> **Problem**
Your task is to copy each line of the material that holds the word "this".

> **Working data**
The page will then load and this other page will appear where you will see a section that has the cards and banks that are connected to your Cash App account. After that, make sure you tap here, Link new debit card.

--

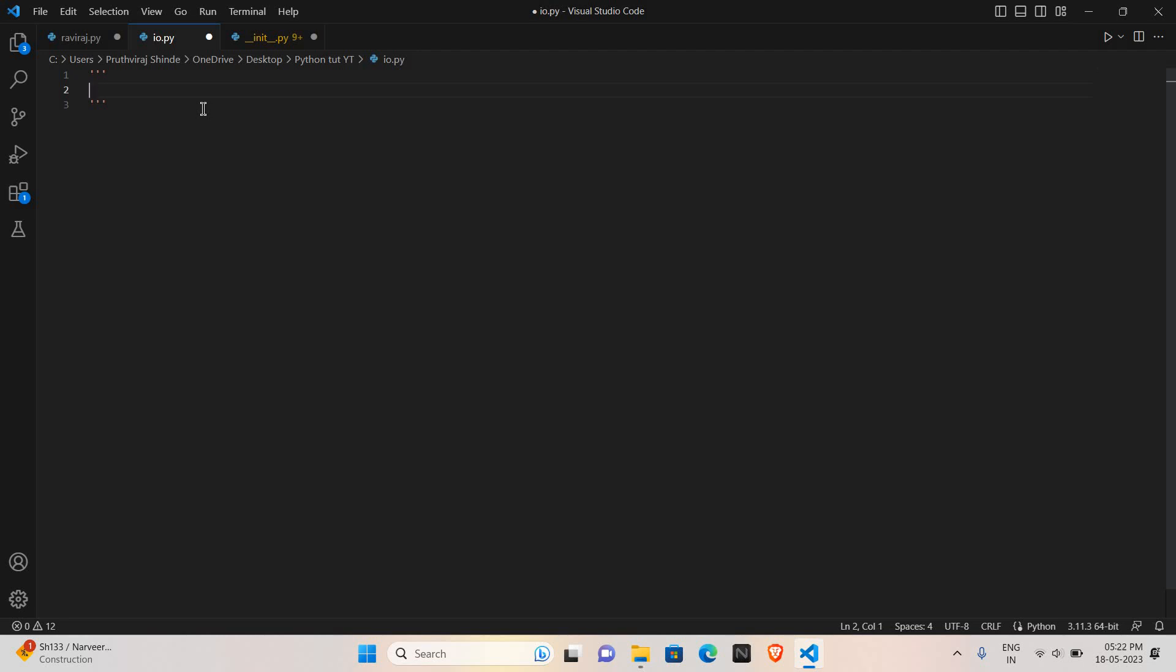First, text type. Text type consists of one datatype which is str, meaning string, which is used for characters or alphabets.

==

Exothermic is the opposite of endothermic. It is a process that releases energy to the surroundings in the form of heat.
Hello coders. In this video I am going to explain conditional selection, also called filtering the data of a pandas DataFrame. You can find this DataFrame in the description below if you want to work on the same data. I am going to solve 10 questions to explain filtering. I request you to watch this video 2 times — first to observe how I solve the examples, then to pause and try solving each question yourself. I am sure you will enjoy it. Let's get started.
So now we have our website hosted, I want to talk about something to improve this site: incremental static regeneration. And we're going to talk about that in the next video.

> **Solved exercise**
The page will then load and this other page will appear where you will see a section that has the cards and banks that are connected to your Cash App account. After that, make sure you tap here, Link new debit card.
Hello coders. In this video I am going to explain conditional selection, also called filtering the data of a pandas DataFrame. You can find this DataFrame in the description below if you want to work on the same data. I am going to solve 10 questions to explain filtering. I request you to watch this video 2 times — first to observe how I solve the examples, then to pause and try solving each question yourself. I am sure you will enjoy it. Let's get started.
So now we have our website hosted, I want to talk about something to improve this site: incremental static regeneration. And we're going to talk about that in the next video.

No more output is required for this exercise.